Validate. While identifying and describing symbols, some degree of validation takes place. Later, a more structured validation activity is carried out allowing the requirements engineer to correct, ratify, or increase the knowledge about the application domain vocabulary. This usually consists of structured interviews or meetings with clients and users at their workplaces. The description of each symbol may be read to the interviewers who confirm, correct, make observations, or add missing information. Sometimes, instead of reading symbol descriptions during the interview, the engineer could give the interviewer a copy of the LEL in advance. Summarizing, the validation activity aims basically to do the following.

• Check notions and behavioral responses of symbols already described

• Ratify the definition of symbols

• Identify new symbols and synonyms

The validation activity generates a DEO list similar to the one produced at verification. It is then sent backward to the collect step and/or to the describe step to do the necessary corrections. Sometimes the feedback from validation may require identifying new sources of information.

future trends

Even though the LEL has been used in many studies and practical application by researchers and practitioners, several aspects remain unknown and some questions remain unanswered. For example, there are no stopping rules defined. Different requirements engineers collect different symbols and different numbers of symbols; however, there is no known criterion about how to evaluate such differences.

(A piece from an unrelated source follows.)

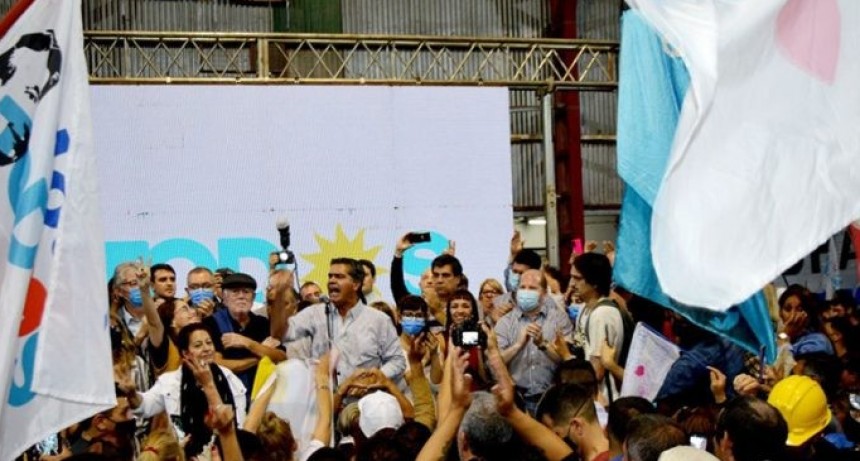 RADIOKTUBRE  INFO…- Capitanich y el Día de la Militancia: “Abracemos más que nunca esta causa para construir la provincia y el país que nos merecemos” -Por  SimónSuárez Ver mas…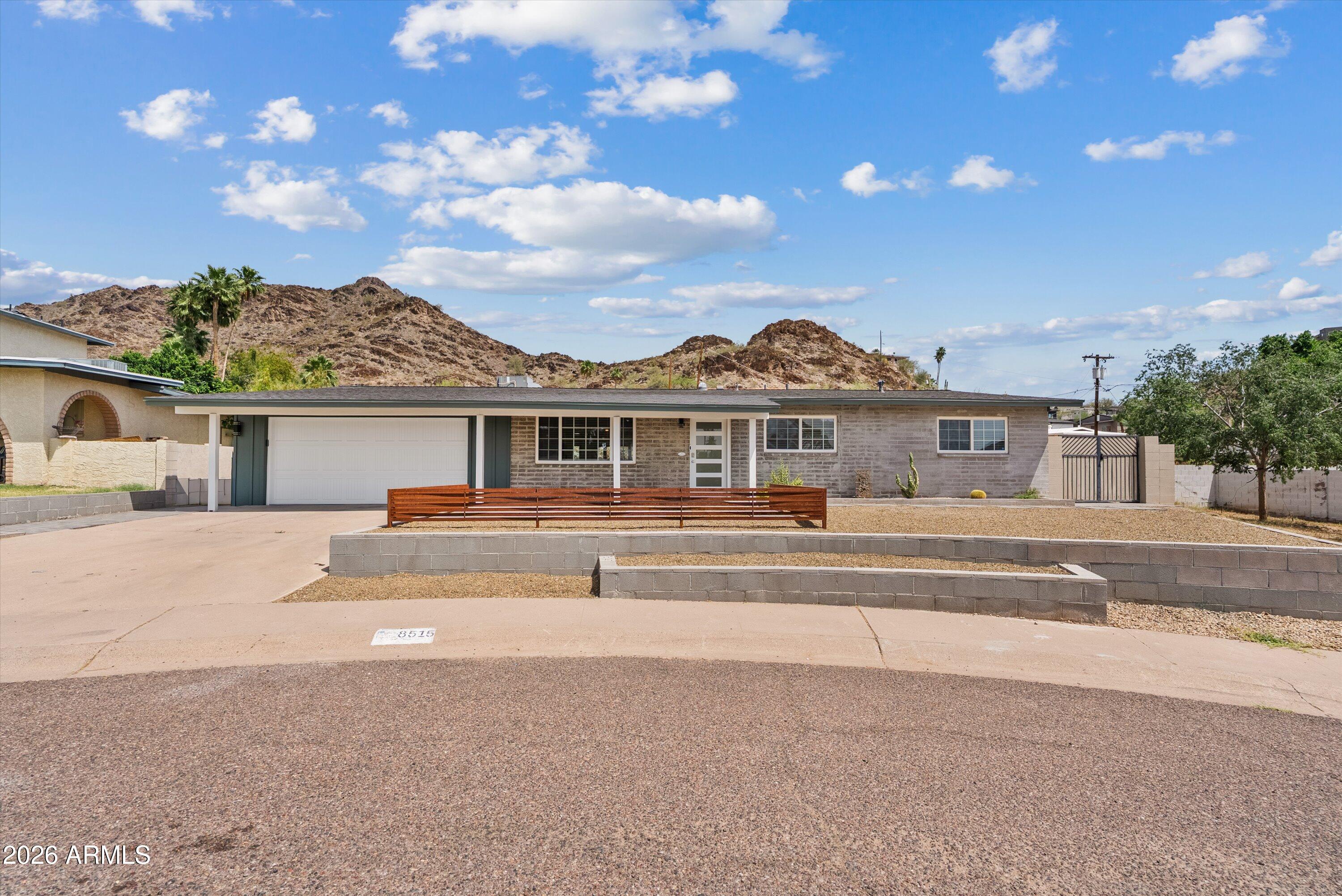 8515 N 13th Place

Almost any LEL contains terms related by hypernym and hyponym relationships (Urena Lopez, Garria Vega, & Martinez Santiago, 2001). This symbol hierarchy can be observed among subjects, objects, and verbs. No benefits from this knowledge have been outlined yet.

conclusion

Glossaries may be used in several stages during the software development process; however, their use during the RE phase is very convenient. Their use eases the understanding of the clients' and users' culture and allows creating all RE documents using their vocabulary.

Other documents produced in later phases of the software development process may also take advantage of the use of LEL.

Creating well-conceived system software context glossaries requires a good understanding of the model and following the heuristics and guidelines developed for this purpose.

Verification and validation of the glossary are key practices in the whole process since they will find out most of the existent defects, improving its quality.

KEY TERMS

Elicitation: Elicitation is the activity of acquiring knowledge of a given kind during the requirements engineering process.

Heuristic: It is a set of guidelines to help people to use others' experience to improve performance in a given task.

Language-Extended Lexicon: An LEL is a semiformal model holding the most relevant words or phrases of the language of the application domain carrying special meaning.

Requirements Engineering: It is an area of the software engineering that is responsible for acquiring and defining needs of the software system.

Software Engineering: It is the computer science discipline concerned with creating and maintaining software applications by applying technologies and practices from computer science, project management, engineering, application domains, and other fields.

Sources of Information: These include documents, key people, topics, and so forth that can provide useful information about the matter being studied.

Validation: Validation is the activity of contrasting a model with the actual world. It should answer the question "Are we creating the right model?"

Verification: It is the activity of checking for the consistency of different parts of a model or different models among them. It should answer the question "Are we creating the model right?"